I decline to accept the defendant’s argument and the reasoning of Laguna (supra). Common sense is not exhausted by dictionary definitions. (See, McKinney’s Cons Laws of NY, Book 1, Statutes § 234.) Common sense, in my opinion, dictates that three related factors should be considered when determining whether a particular item constitutes metal knuckles. Firstly, a blow by a fist wearing the instrument must cause metal to come into contact with the victim’s body. I note, parenthetically, that an item need not be made entirely of metal to be considered metal knuckles.
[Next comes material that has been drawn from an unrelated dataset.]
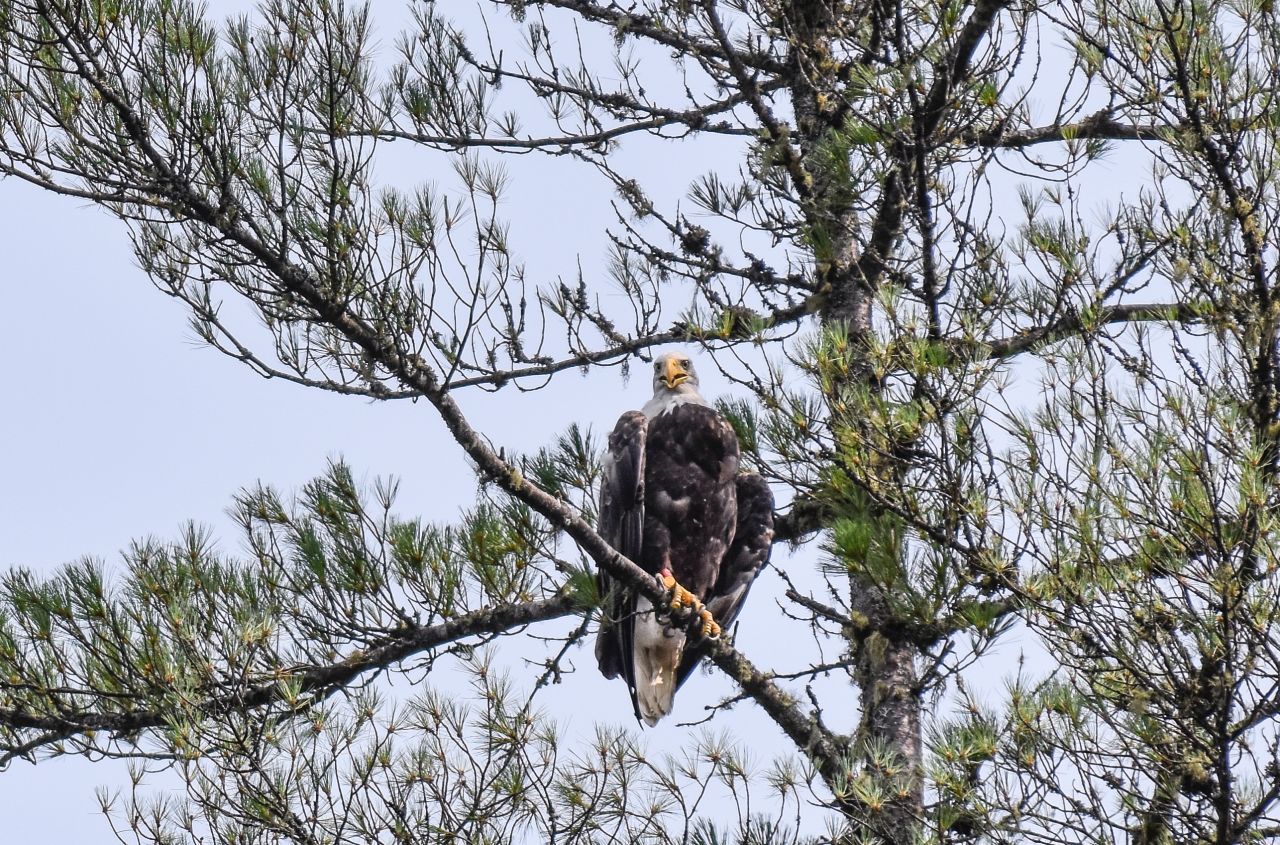 Bald Eagle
Such an item would qualify as metal knuckles if metal parts worn on or near the fist would enhance the harmful effect if a blow were to be struck. (See, People v Quinones, supra.) Secondly, the instrument must be designed so that it readily can *737be used offensively against the human body. Thirdly, the design of the instrument must be such that it cannot reasonably be put to any use other than to enable the wearer to inflict a blow with a fist covered by metal or pieces of metal. The second and third factors, which overlap to a certain extent, will ensure that jewelry and other items which are “innocently possessed [will not] provide the basis for police action.” (People v Guevara, 86 Misc 2d, at p 1045.)
Having considered the foregoing factors, I conclude that the item allegedly possessed by the defendant sufficiently qualifies as metal knuckles so as to warrant the denial of his motion to dismiss. Were a blow to be struck by a person wearing this item, the metal spikes covering his fist would surely come in contact with the victim’s body. It is apparent that this item readily can be used as a weapon. In other words, no material alterations need be made to it before it could be used in striking. Moreover, from the very design of the item — the fact, for example, that the pointed metal spikes are carefully positioned so as to be held in place over the fist and knuckles — one can legitimately conclude that its only reasonable use is to enhance the wearer’s ability to injure a victim.
Because the issue before me is whether the accusatory instrument should be dismissed as defective, I make no ultimate finding of fact that the item constitutes metal knuckles. Only the trier of fact may make such a finding. (See, People v McPherson, 220 NY 123 [1917]; People v Guevara, at p 1045.) My decision is limited to the issue presented — the sufficiency of the accusatory instrument. Consequently, the parties will be free at trial to present evidence to the trier of fact, whether judge or jury, concerning the nature of the item in question. It is conceivable, for example, that the defendant might wish to present evidence that there are legitimate uses for the item. However, for the reasons previously stated, I conclude that the accusatory instrument suffices to warrant a trial.